SOURCE DATA:
**********
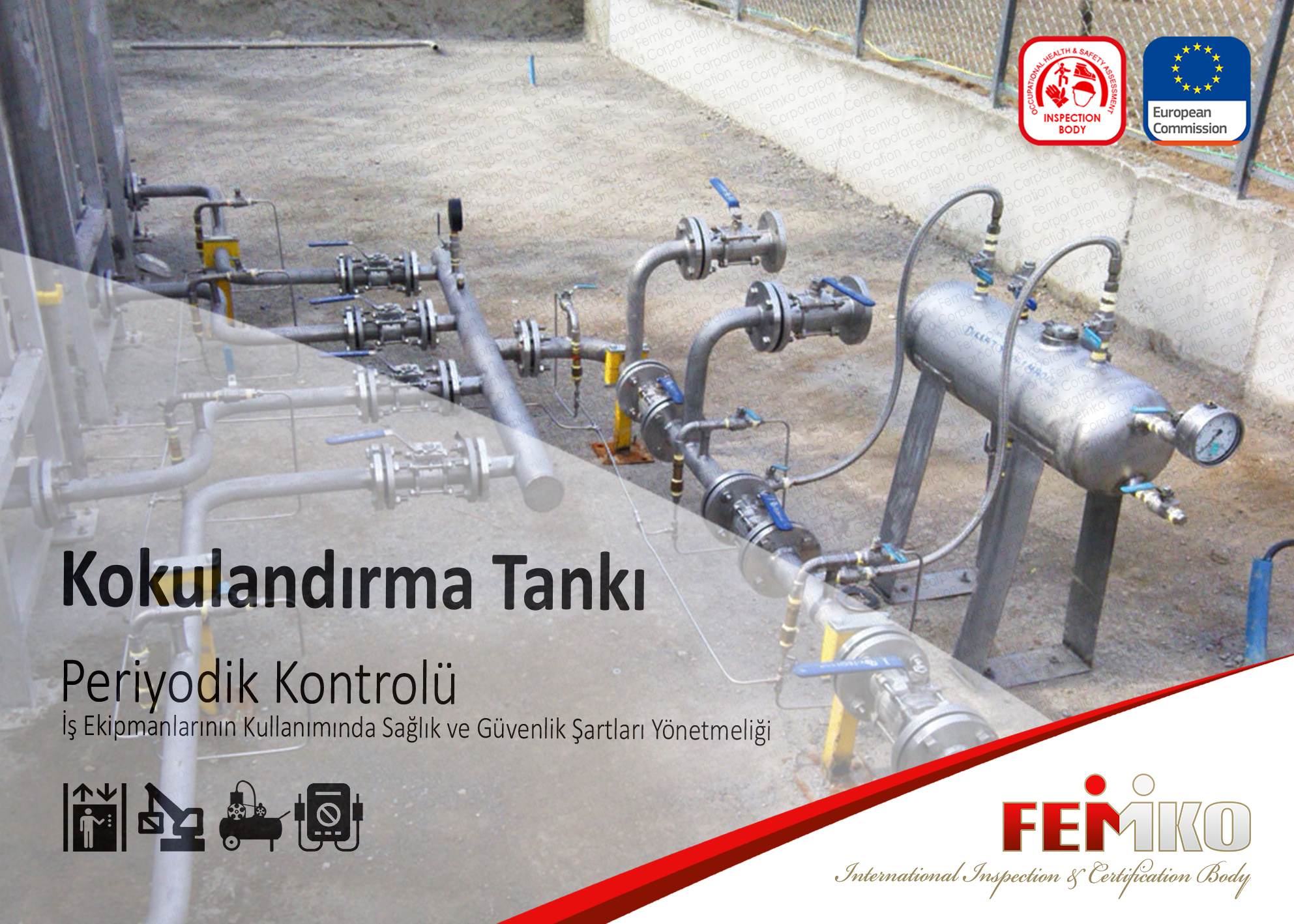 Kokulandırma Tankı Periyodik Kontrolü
**********
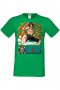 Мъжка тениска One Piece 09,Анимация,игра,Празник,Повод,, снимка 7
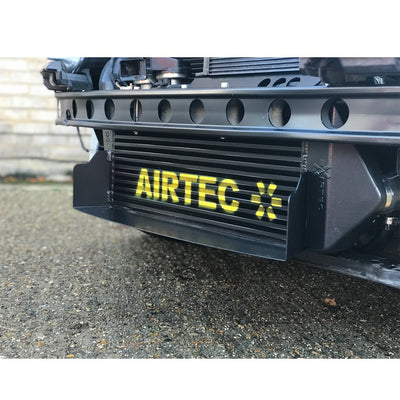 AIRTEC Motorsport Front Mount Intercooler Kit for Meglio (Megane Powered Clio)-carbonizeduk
**********
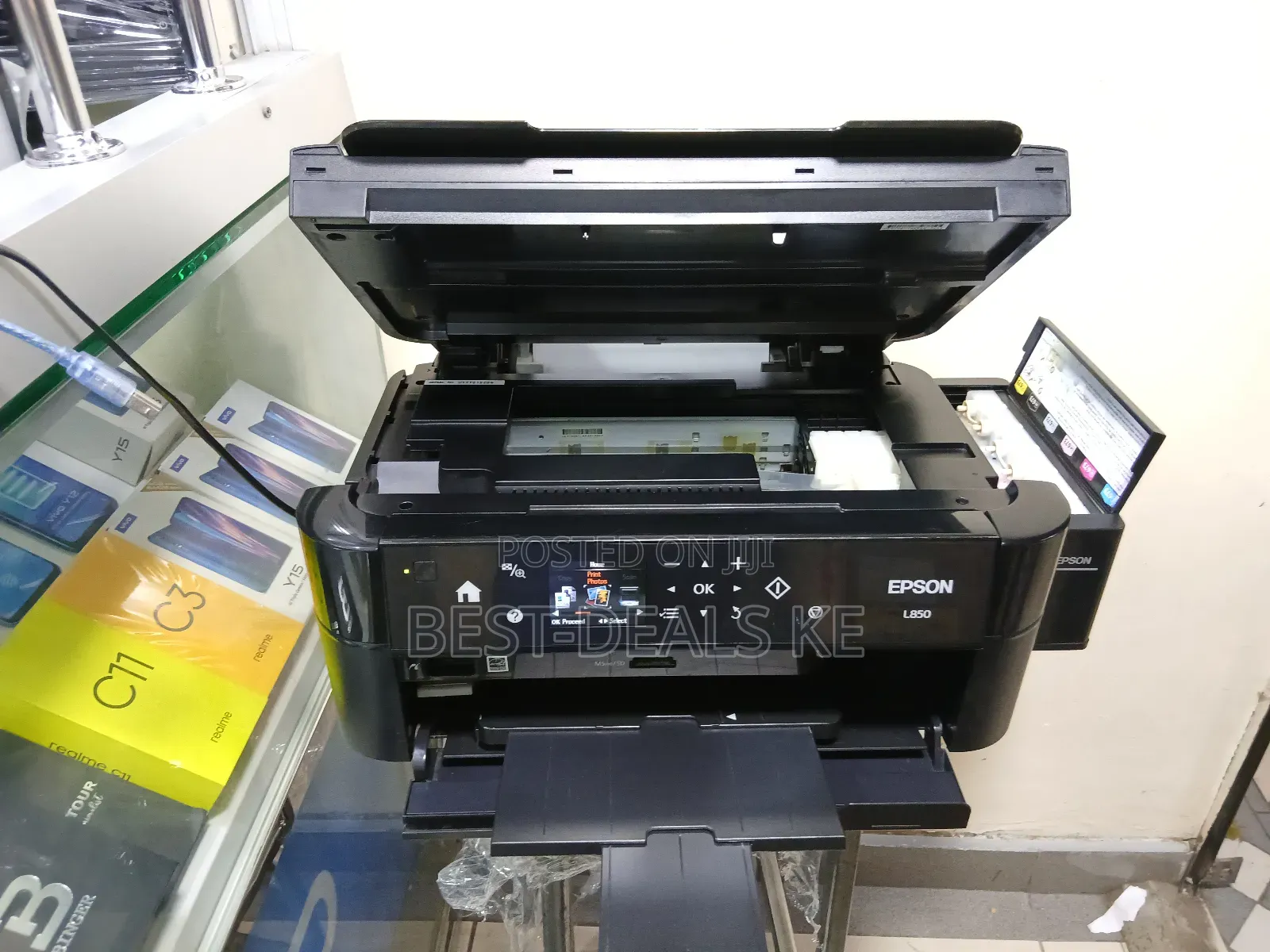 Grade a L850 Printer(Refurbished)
**********
PROBLEM DESCRIPTION: From the line with "Мъжка тениска One" up to and including the line with "AIRTEC Motorsport Front" above, retype every line exactly and nothing more; leave out the pictures.

RESPONSE:
 Мъжка тениска One Piece 09,Анимация,игра,Празник,Повод,, снимка 7
 AIRTEC Motorsport Front Mount Intercooler Kit for Meglio (Megane Powered Clio)-carbonizeduk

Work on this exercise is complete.